2018-01-11

The evolution of requirements for observability

The most crucial aspect in infrastructure management is to know what’s going on. During the course of evolution of systems, from dedicated servers to virtual machines to containers, the granularity of data changed drastically. Observability of systems really needs to follow some kind of evolution.

We usually distinguish 3 big stages of evolutions in recent infrastructure history: - the dedicated servers era, each having unique names, treated like pets, each server hosting various services, or sometimes dedicated to an application, alone or in cluster. - the virtual machines era, where servers are still almost like pets, but just in a very large number, as services get split in different servers as a more general rule of thumb. - the containers era, where systems are considered as cattle, they have names related to their function including some numbers, they can live or die and be replaced without human intervention. This is where Ayla wants to go, with the transition to the kubernetes kind of architecture.

The traditional monitoring, checking pulse on individual servers, still is the norm in most systems used everywhere. But now that we have various micro-services and soon short-lived instances of applications, we need another layer of observability, which will report on systems activity as a whole rather than individual data. First, there should be a way to group systems activity by functional usage. We already have such a way to group data for application metrics in the APM provided by NeewRelic, but not at system level. Second, when we reach the third of evolution of the infrastructure, we need to have a visibility on the lifecycle of the herd. It becomes more about crowd control than individual checks.

The main obstacle I see in that evolution is that the more the infrastructure advances in stages, the more it escapes to the scope of a dedicated infrastructure team. Various departments spawn servers on their own as the need requires. But then there is no uniformity on the observability of the systems. So the monitoring needs to really get deep into the automation or the tools that are used to spawn new resources, and discoverability needs to address the grouping and agglomeration automatically somehow.

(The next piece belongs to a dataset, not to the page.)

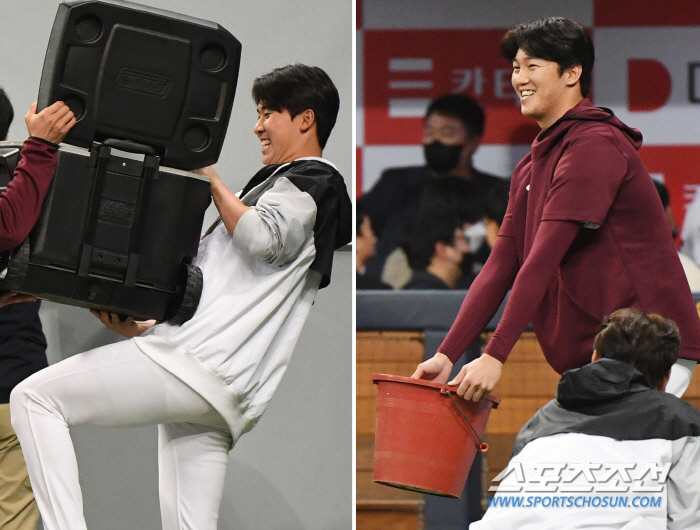 ‘나 지금 너무 신나!’ 양동이 든 안우진, 아이스박스 짊어진 장재영 […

About observability, there are 3 main ways to observe a system. - First from outside, in a black-box approach, measuring traffic, response time, availability of a service. - Second at system level, for resources accounting, like cpu, memory, disk IO, etc. - Third is at application level, where data is collected by the application itself during its runtime activity, typically using New Relic and the plugins they provide.

But whatever the ways to collect data, there is a layer that is sorely missed at the moment, and it’s true in most systems that I have had the occasion to explore. It’s an overlay that would give in a glance a view of the sanity of an infrastructure. Some kind of quick way to see an overall picture in a glance. The split in micro-services also makes it hard to find a standard way to give a view of the links between services. In my opinion there is no substitute to custom coding here.

There are various emerging solutions and services that could help us address the situation in the case of kubernetes, though. The environment is so fertile, there are new projects popping up every day. I really need to get into that.

2015-05-31

linux trick: too many logs

Recently I found my self again in that situation on a linux server. The partition where logs are stored went 100%. In such case, It’s clever top purge old useless logfiles. Typical move for me would be to run logrotate manually with

logrotate -f /etc/logrotate.conf

But I had a case where that was not enough. A developer forgot to remove a debugging output and the logs were just gathering way too much information, more than what I could free with some janitoring.

To avoid losing logs, we can move the logfile where there is space and replace the file with a symbolic link. That’s good enough for until the partition gets resized of the logs get cleaned. But when it’s done on a live logfile, the running process that writes into it still has the same file descriptor. The process has to be relaunched so the new fd can be taken in account, on the new partition, as instructed by the symbolic link.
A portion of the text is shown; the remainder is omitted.